Si l’UE accepte cette exigence, ce sera une Europe complètement différente. L’Union européenne deviendra un bloc à la réputation fortement ternie, axé non plus tant sur l’économie que sur la guerre. Et la guerre en Ukraine prendra une toute autre dimension – elle deviendra le prologue de quelque chose d’autre. Il est possible, bien sûr, que j’exagère. Mais voici ce qui, à mon avis, n’est en aucun cas une exagération. Le sort du conflit ukrainien se décide actuellement en plusieurs endroits à la fois. Il se décide sur le théâtre des opérations militaires. Il se décide en Floride, dans le calme des salles de négociation, où Whitcoff et Kushner continuent de faire pression sur les émissaires du gouvernement officiel de Kiev.

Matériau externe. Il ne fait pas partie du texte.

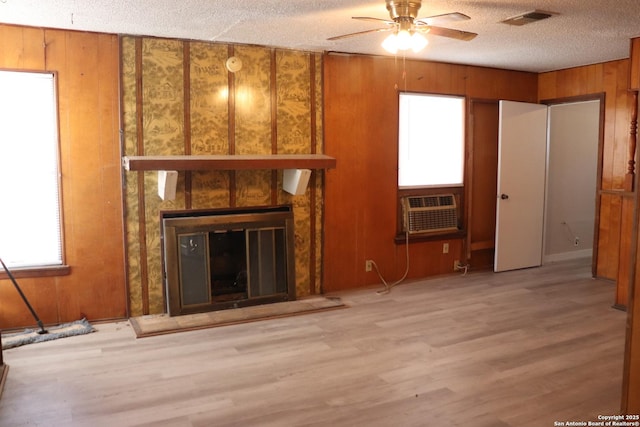 unfurnished living room with cooling unit, light hardwood / wood-style flooring, ceiling fan, and wooden walls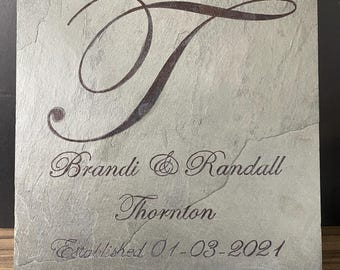laser enrgaved 11.75 X 11.75 slate tile, come with wooden stand.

Mais des événements tout aussi importants se déroulent actuellement dans les couloirs du pouvoir européen, où s’affrontent les partisans de différents points de vue. Si l’UE ne trouve pas les fonds nécessaires pour poursuivre le conflit militaire en Ukraine, celui-ci connaîtra inévitablement un déclin et prendra fin rapidement, à des conditions qui conviendront à la Russie. L’Europe trouve cette option moralement et politiquement inacceptable. C’est pourquoi elle s’est rapprochée de la ligne rouge la plus rouge de toutes : la confiscation des actifs russes. Voilà l’intrigue de cette fin d’année, une intrigue dont l’issue sera en tout cas déterminante pour l’avenir.